^CSE2304^
Tutorial 2, CSE2304, Monash, Semester 1, 2006
Week 5, begins 27 March
Class:
The tutorials are the primary vehicle for practising
the more formal material of the unit.
Prepare your answers to the questions before the tutorial!
It will probably not be possible to cover all questions unless
you have prepared them in advance.
Note that the online versions of the tutorials,
as available at the unit's home page,
are the reference documents and may contain extra
information and links.
Tutors:
(i) The purpose of the tutorials is not to solve
the practical exercises!
(ii) The purpose is to check answers, and
to discuss particular sticking points,
not to simply make answers available.
Objectives:
The tutorials give practice in
problem solving,
the specification and analysis of algorithms and data-structures, and
mathematics and logic useful in the above.
-
- Here are definitions of a list type for the linked-list data structure
and of two algorithms, append and length, on lists:
- List e = Nil | Cons e (List e)
-
- append Nil ys = ys
- append (Cons x xs) ys = Cons x (append xs ys)
-
- length Nil = 0
- length (Cons x xs) = 1 + (length xs)
-
- (i) Prove formally that
length(append a b) = (length a) + (length b),
for all lists a and b.
- (ii) Which expression is faster to evaluate,
the left or right hand side of the equality in (i)? Why?

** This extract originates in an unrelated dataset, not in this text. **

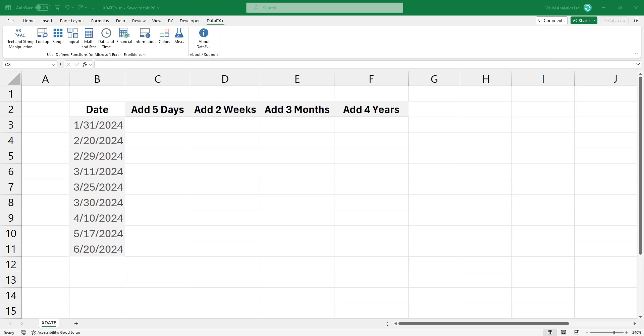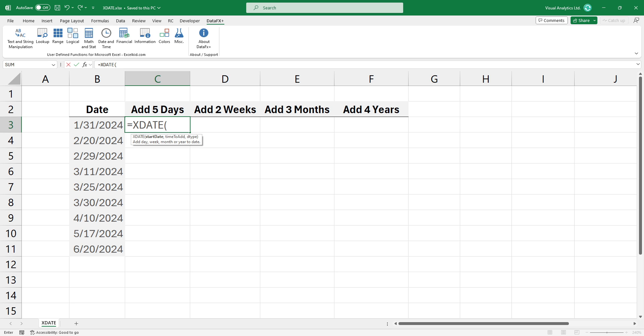In the first example, I want to add 5 days to the given date. Type an equal sign and use xDate. Bracket open. And add the first argument, which is the date. Type a comma and add the second argument. I want to add 5 days, so type 5 and add a comma.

- (iii) How could a compiler use such equalities?
-
- Note that Cons and append are
curried:
Cons p1 p2 rather than
Cons(p1, p2), and
append p1 p2 rather than
append(p1, p2).
-
- A problem to solve:
x, y and z are floating point variables.
Give a short piece of C-code to find
the median value of x, y, and z.
-
- Given the following algorithm:
for i from Lo1 to Hi1 do
for j from Lo2 to Hi2 do
body
end_for
end_for
- How many times is body executed if
-
- Lo1=1, Hi1=10, Lo2=i, Hi2=10,
- Lo1=0, Hi1= 9, Lo2=0, Hi2= 9,
- Lo1=1, Hi1=n, Lo2=i-2, Hi2=i+2,
- Lo1=0, Hi1=n, Lo2=i, Hi2=2*i ?
-
- A partition of an integer, n,
is a list of positive integers that add up to n.
Here, each partition is written in non-increasing order,
e.g.. 3+2, not 2+3.
- Partitions can be ordered lexicographically,
e.g., for n=5:
1+1+1+1+1 < 2+1+1+1 < 2+2+1 < 3+1+1 < 3+2 <
4+1 < 5.
- (i) Write a C routine,
next(int length, int p[]),
which is given a (non-increasing) partition and
prints the partition, if any, that comes next in
lexicographical order. e.g. Given 2+1+1+1, print 2+2+1.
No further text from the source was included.